Free statistical textbooks
Are there any free statistical textbooks available?
stats.stackexchange.com
The interesting part of the link I just provided is that all of the books are free. The book that I try to read is Michael Lavine’s one titled Introduction to Statistical Thought. In my opinion, the explanation is pretty simple and pretty straightforward, the code snippets in R are also pretty helpful in understanding how the concept and the implementation works. However, the downside of using this book is sometimes the explanation is too simple and I can’t figure out what it means. So, I still need to search it online to understand better. Up until today, I already learn about probability, this includes the basic of probability, probability densities, parametric families of distributions, joint probability, marginal probability, and conditional probability. However there are still a few materials from probability chapter that I’ve not covered yet, you can search for the remaining one.
R
It would be pointless to learn statistics without knowing how to implement it. So I recommend you to try as you learn it with R and even python. For installing R you have two options. You can either install R and R-Studio or install r-essentials in conda, to enable R kernel in Jupyter Notebook.

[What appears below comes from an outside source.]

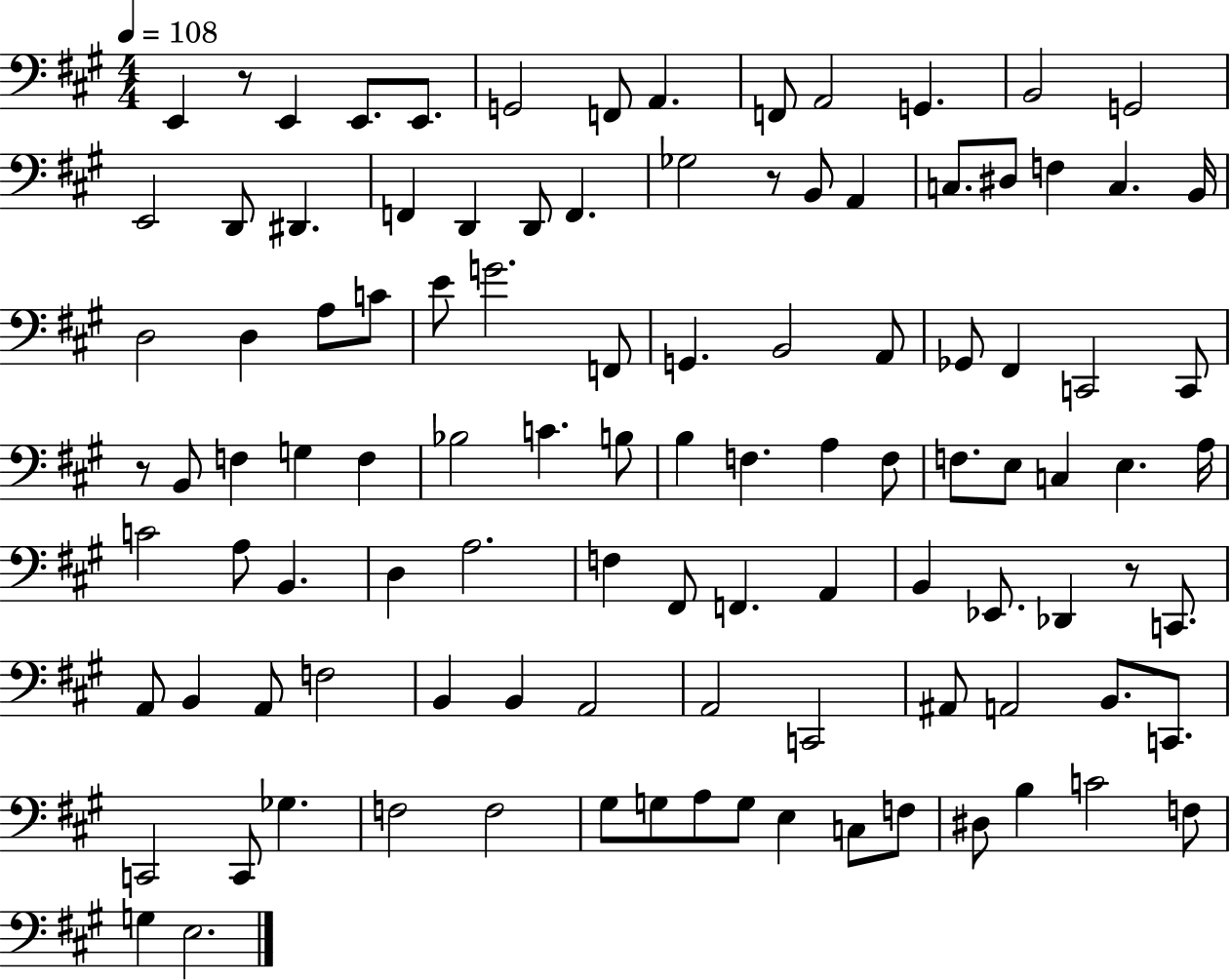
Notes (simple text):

E2/q R/e E2/q E2/e. E2/e. G2/h F2/e A2/q. F2/e A2/h G2/q. B2/h G2/h E2/h D2/e D#2/q. F2/q D2/q D2/e F2/q. Gb3/h R/e B2/e A2/q C3/e. D#3/e F3/q C3/q. B2/s D3/h D3/q A3/e C4/e E4/e G4/h. F2/e G2/q. B2/h A2/e Gb2/e F#2/q C2/h C2/e R/e B2/e F3/q G3/q F3/q Bb3/h C4/q. B3/e B3/q F3/q. A3/q F3/e F3/e. E3/e C3/q E3/q. A3/s C4/h A3/e B2/q. D3/q A3/h. F3/q F#2/e F2/q. A2/q B2/q Eb2/e. Db2/q R/e C2/e. A2/e B2/q A2/e F3/h B2/q B2/q A2/h A2/h C2/h A#2/e A2/h B2/e. C2/e. C2/h C2/e Gb3/q. F3/h F3/h G#3/e G3/e A3/e G3/e E3/q C3/e F3/e D#3/e B3/q C4/h F3/e G3/q E3/h.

R itself is available in the link below, while most people would recommend using R studio. However, I can’t really ensure does using R studio really have more beneficial since I choose to use R kernel in Jupyter Notebook.

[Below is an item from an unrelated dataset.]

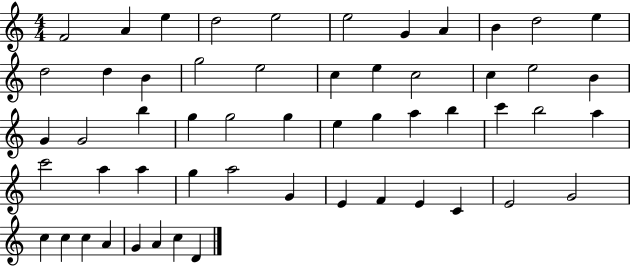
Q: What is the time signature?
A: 4/4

For people who prefer to use Jupyter Notebook and install it using Anaconda, the installation is pretty easy. You can just run conda install r-essentials
and the conda will install it for you. Pretty easy right?
Kaggle
Some people say that the best way to learn is to learn by trying. So, I’m trying to work on one of the data sets about Titanic. Why this dataset? Some people said that titanic data set is the best way to start. One of the advantages of trying on Titanic data set is the availability of tutorials using excel, python, and R. Yes, you read it right, there is a tutorial for titanic dataset using excel. So it would be an ideal starter. The titanic data set itself is available at the link below.
Final Words
So that’s what I’ve been learning on for the last 2 days. I hope you can learn a thing or two from what I’ve learned. I’m still waiting for discussion regarding this topic, so If you have suggestions, responses, or comments regarding how you learn probability, R, or where you found your data sets for learning I’m really looking forward to it.
Update #1: This story has been updated to enhance the content and some illustration. Happy new year everyone!